Sunday, August 28, 2005

Question – On Public Censorship

You, Readers, may or may not have noticed the appearance of a little button on the top of the page marked ‘Flag’.

By pressing this button, a reader may flag a blog as ‘objectionable’. Those behind Blogger and Blogspot track the number of times a blog is flag and then determine whether action, such as unlisting the blog (though not deleting it), is apropos. There is more information on the process available from blogger.

The questions being raised are something of a side issue; how many objections to a ‘text’ (used here is the broadest sense) makes it offensive? Should the public be allowed to determined what texts are openly available, and which are not? Should the public discourse be regulated by any form of censorship?

6 comments:

Samuel Douglas said...

As far as I can tell the flags just stop the blogs from being found 'inadvertantly' via the "next blog" button. Blogger will only delete a blog in the most extreme of cases, where certain types of clear illegality or potential negative publicity are involved.

One gripe I have with the system is that certain blogs (some expressing som fairly questionable views) that are still hosted by blogger or blogspot do not show the nav-bar with the flag button. Does this mean that they are already unlisted or what?

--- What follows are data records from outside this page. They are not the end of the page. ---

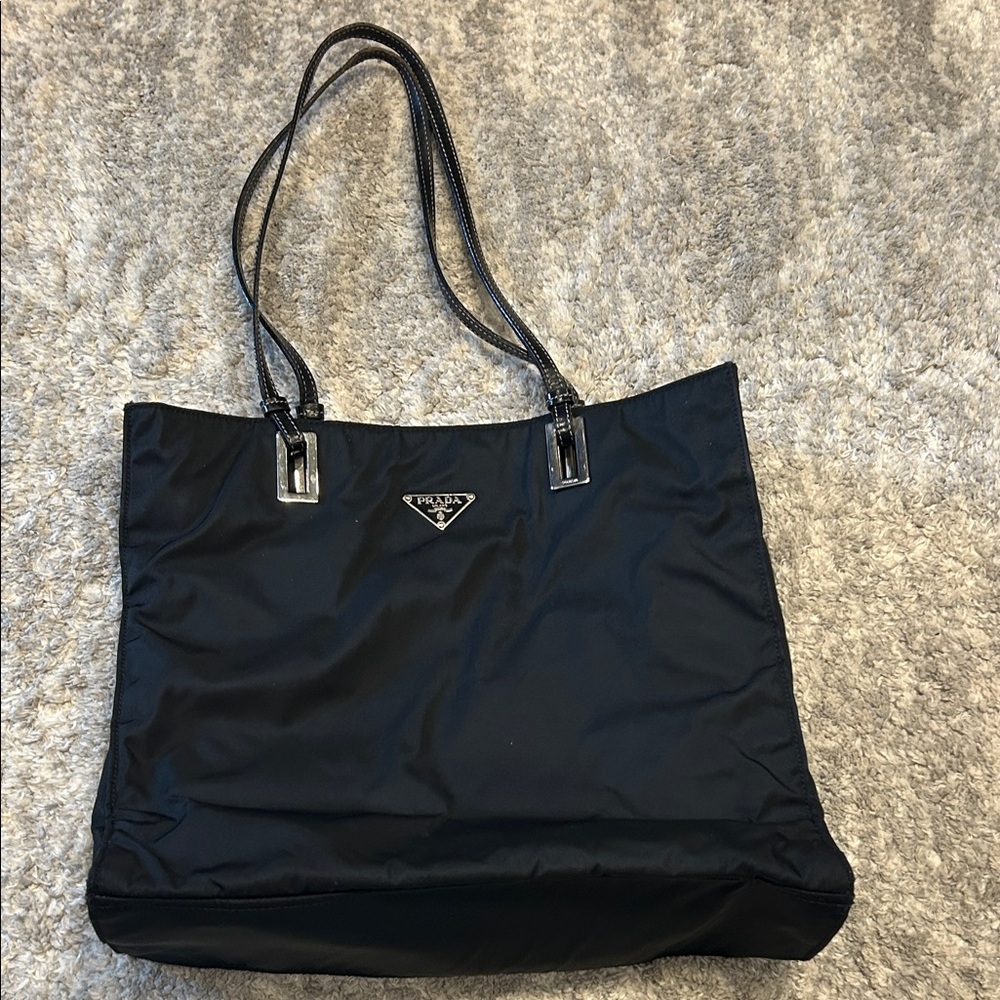 Authentic Prada Black Nylon Tote with Leather Straps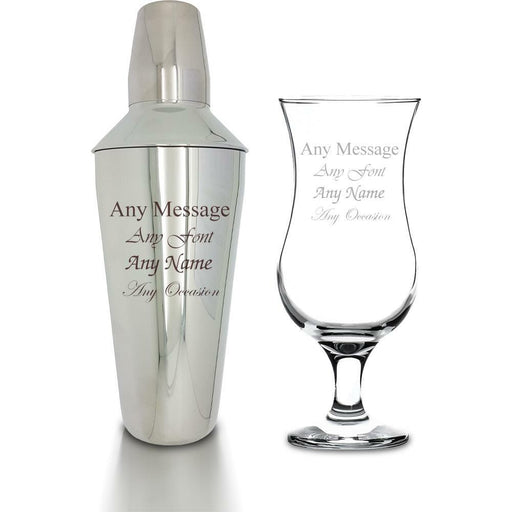Engraved Cocktail Shaker with Strainer and Pina Colada Glass Image 2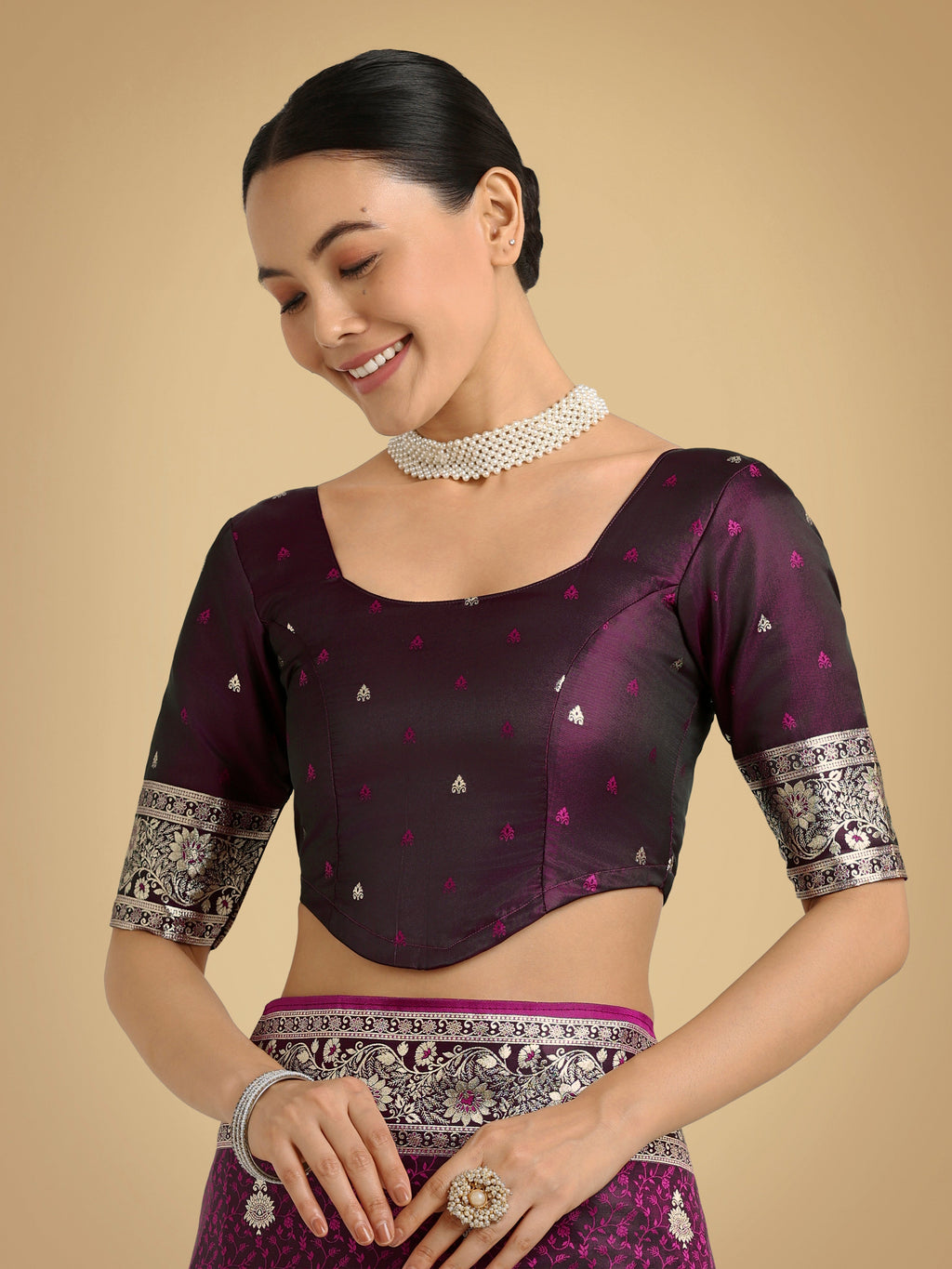 Monjolika Fashion Wine Banarasi Satin Silk Saree with Intricate Zari Work with Rich Weaving Pattern - Distacart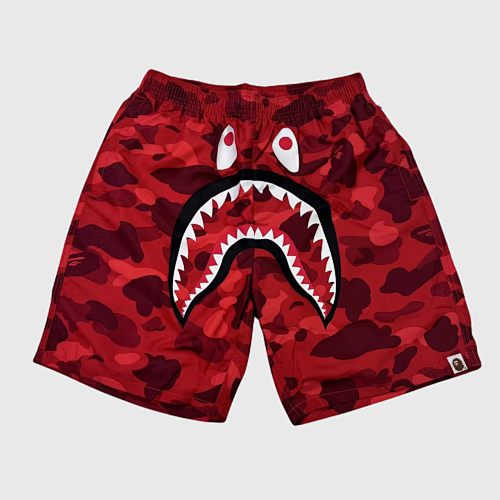 Bape Abc Camo Beach Shorts Red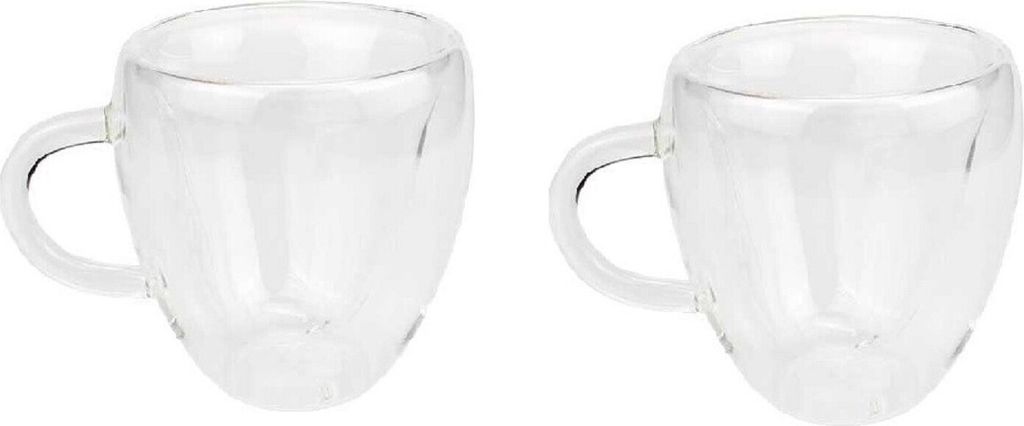 2er Set Doppelwandiges Thermoglas mit Henkel Teetassen Doppelwand Glas Kaffeetassen transparent 240 ml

To actually answer the question (finally) I am aginst most, if not all forms of censorship. Having said this I think that people have to be prepared for a reaction to what they have publicised. In particular, individuals such as those "Catch the Fire" ministers from Victoria need to be able to give some justification for the veiw that they expressed. I don't know how many times I've said it: Making certain statements illegal to say in public does not stop people from thinking them, or saying them (and more) in private. Does the Victorian state government honestly think that their legislation will stamp out racial predjudice there? If they do, they are morons. How is society supposesd to know that there are Danny Nahlliah's in its midst if these issues are only disscussed behind closed doors? Censorship of this kind (and of most kinds) gives us nothing more than a false sense of how amazingly wholesome we all are. Well I have news for you people, we're not!

"But we need to censor for Society's own good".

Bullshit I say! If that really is the case then it is a sure sign that our education system has failed utterly.

Kevin said...

It's not a question of censorship, but ownership. Google owns Blogger so Blogger calls the shots.

Samuel Douglas said...

I think you are on the money there (pardon the pun).

Thanks for calling in.

Al S. E. said...

I am putting together a separate blog on this particular topic.

Editor said...

Thanks for establishing another forum for the discussion of this issue. It is the sort of topic that needs to be discussed more widely.